La colonisation : cette mémoire de la discorde !
Dans son message, à l’occasion du 5 Juillet, le président Bouteflika s’est laissé tenter encore une fois par l’invocation du passé colonial. « Notre peuple exige toujours une reconnaissance de ses souffrances de la part du colonisateur d’hier, la France ».
Mais Emmanuel Macron, lui, préfère insister pour « assumer notre mémoire commune dans sa vérité et son intégrité. Vous connaissez mes convictions et ma détermination à assumer cet héritage partagé dans un esprit de lucidité et d’apaisement ». Ce « grand ami de l’Algérie » comme l’a qualifié Bouteflika laisse encore ouvert son robinet d’eau tiède. « Il nous faut faire de ce regard sur notre passé le point d’appui d’un nouvel élan vers l’avenir pour notre partenariat bilatéral. Plus que jamais, celui-ci doit se construire sur des projets concrets, structurants et mutuellement bénéfiques », a-t-il professé. D’une chiquenaude, le président français veut ramener son destinataire à une réalité plus prosaïque. Avant lui, François Hollande et Nicolas Sarkozy ont passé leurs mandats aussi avec le même président Bouteflika à parler de « partenariat d’exception ». En pure perte.
En perte de popularité dans son pays (-9%), il annonce ce qu’il appelle « le projet de grande visite officielle que je serais très heureux et honoré d’effectuer en Algérie, au moment qui vous conviendra ».
Le décalage entre les deux présidents est décidément cosmique. L’un est élu démocratiquement, l’autre a tripatouillé deux fois la Constitution pour rester deux décennies au pouvoir. L’un dirige une démocratie, l’autre une kléptocratie. Aussi, bien malin celui qui saura ce que dira ce jeune président de 40 ans à cet autre de 80 ans qui aura connu tous les présidents de la 5e république française.

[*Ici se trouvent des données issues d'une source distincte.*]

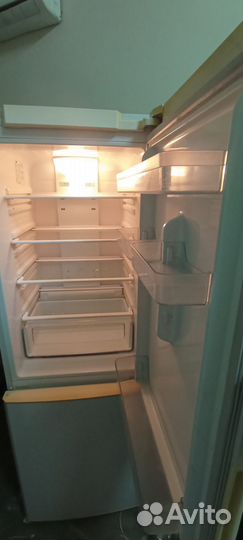 Холодильник samsung NO frost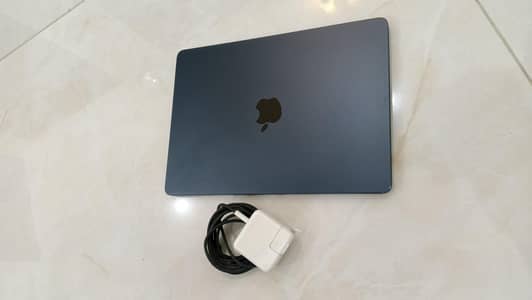 MacBook Air M2_2022_13.6"inch | 8GB | 256GB SSD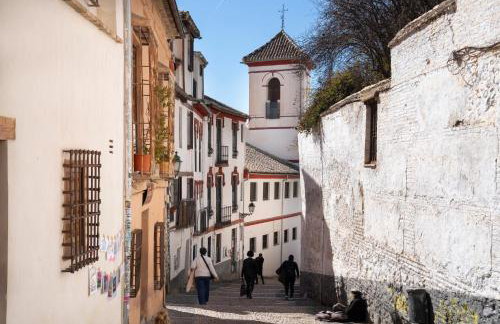 Spectacular Alhambra view roof terrace penthouse - Photo 36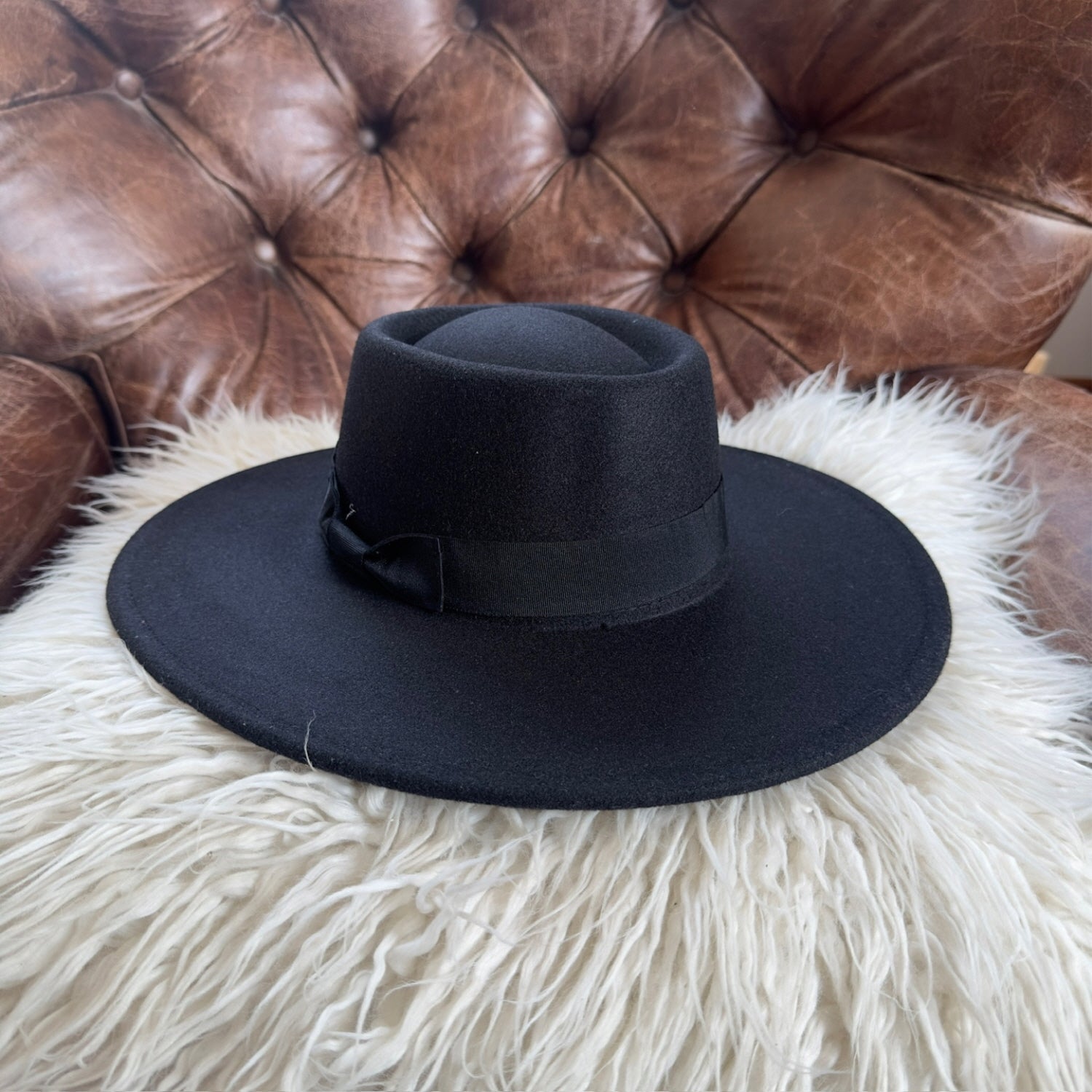 VEGAN FELT BOATER HAT WITH RIBBON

Par ce courrier enflammé, Emmanuel Macron rallonge le manche qui cogne sur les libertés en Algérie. Pire : il flatte celui là même qui a conduit l’Algérie aux portes de la faillite et fait d’elle la risée du monde.
Pour ce jeune président, comme ses prédécesseurs finalement, la démocratie s’arrête en Corse. Plus au sud, c’est la Françafrique et ses « valeurs ». Les républiques bananières des autocrates qui meurent au pouvoir. Qu’importe la liberté ! Alors soutenir Bouteflika, ou encore Idriss Deby, Paul Kagamé, Joseph Kabila relève des habitudes bien françaises.
Par ses silences – de la realpolitik, diront les spécialistes – l’histoire des deux pays se souviendra du président Macron comme celui qui aura porté les derniers coups de marteau au cercueil d’une démocratie bien mal emmanchée ces dernières années. Pour sa gouverne, tout porte à croire qu’il débute sa première année avec un déplacement à Alger qui restera dans les annales. Le reste est un simple bavardage de circonstance.